• **Information provided**
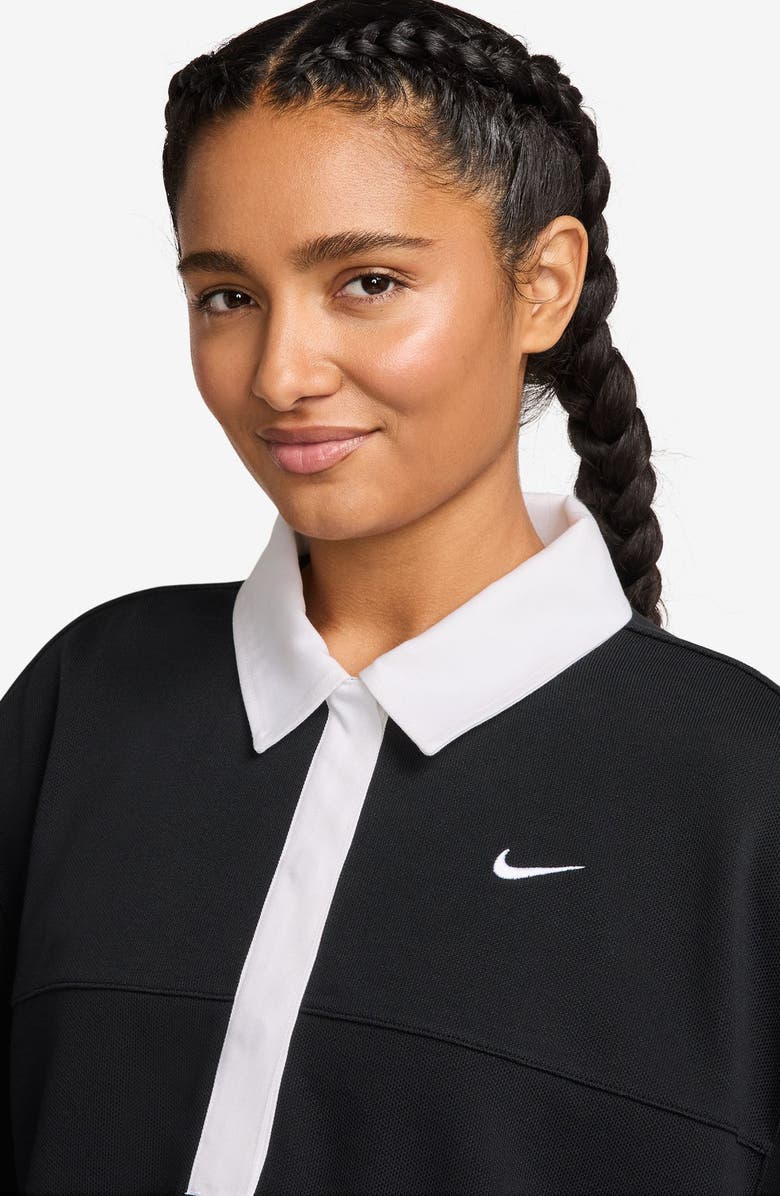 Nike Sportswear Oversize Polo, Alternate, color, Black/ Black/ White/ White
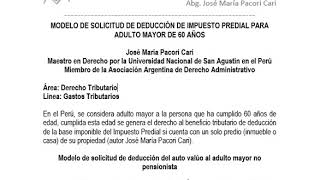 MODELO DE SOLICITUD DE DEDUCCIÓN DE IMPUESTO PREDIAL PARA ADULTO MAYOR DE 60 AÑOS [upl. by Ettelracs]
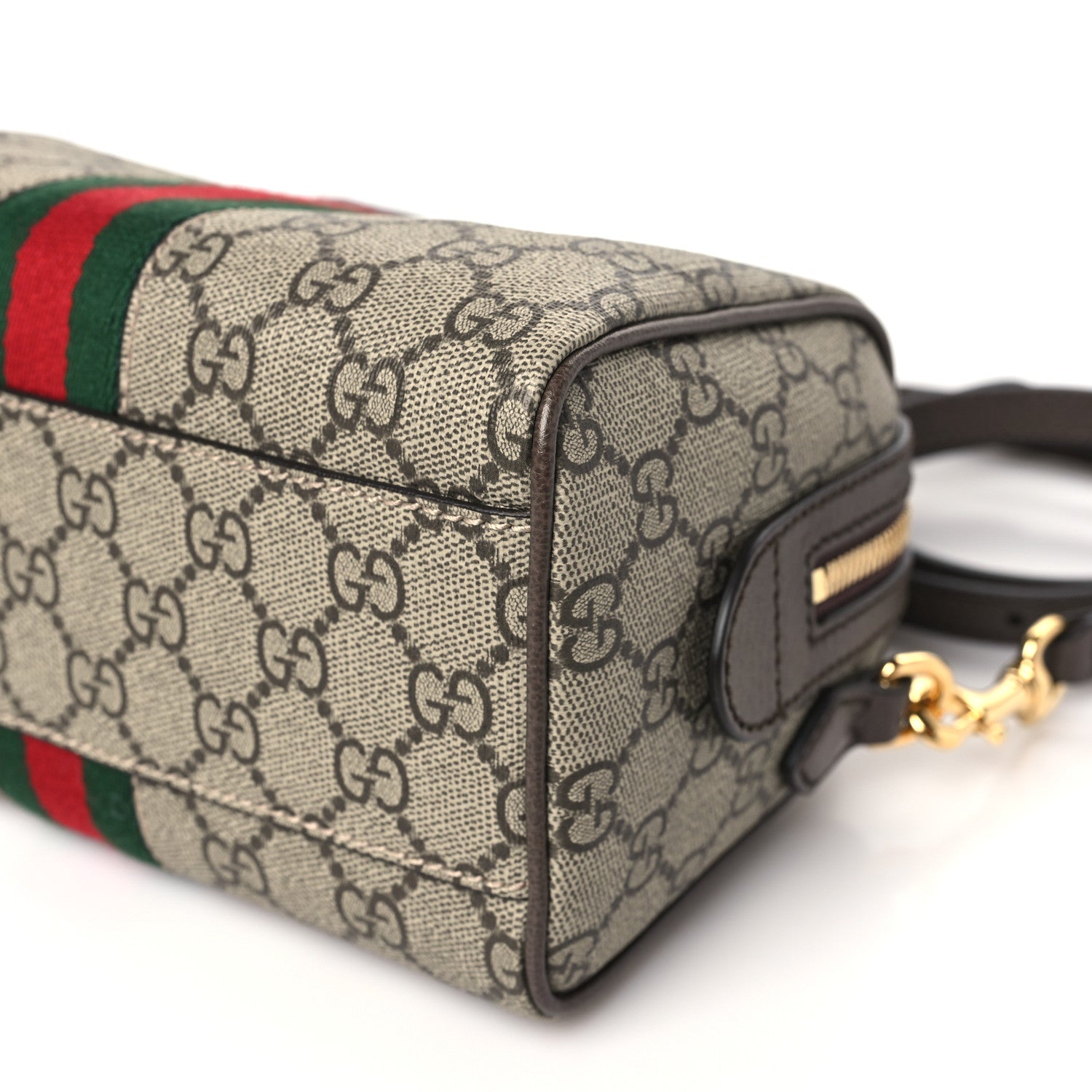 Gucci GG Supreme Monogram Textured Dollar Calfskin Web Mini Ophidia Top Handle Bowler Bag Beige Ebony New Acero 10 of 10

• **Assignment**
Please repeat the data above exactly as it appears, pictures excluded.

• **Response to the task**
 Nike Sportswear Oversize Polo, Alternate, color, Black/ Black/ White/ White
 MODELO DE SOLICITUD DE DEDUCCIÓN DE IMPUESTO PREDIAL PARA ADULTO MAYOR DE 60 AÑOS [upl. by Ettelracs]
 Gucci GG Supreme Monogram Textured Dollar Calfskin Web Mini Ophidia Top Handle Bowler Bag Beige Ebony New Acero 10 of 10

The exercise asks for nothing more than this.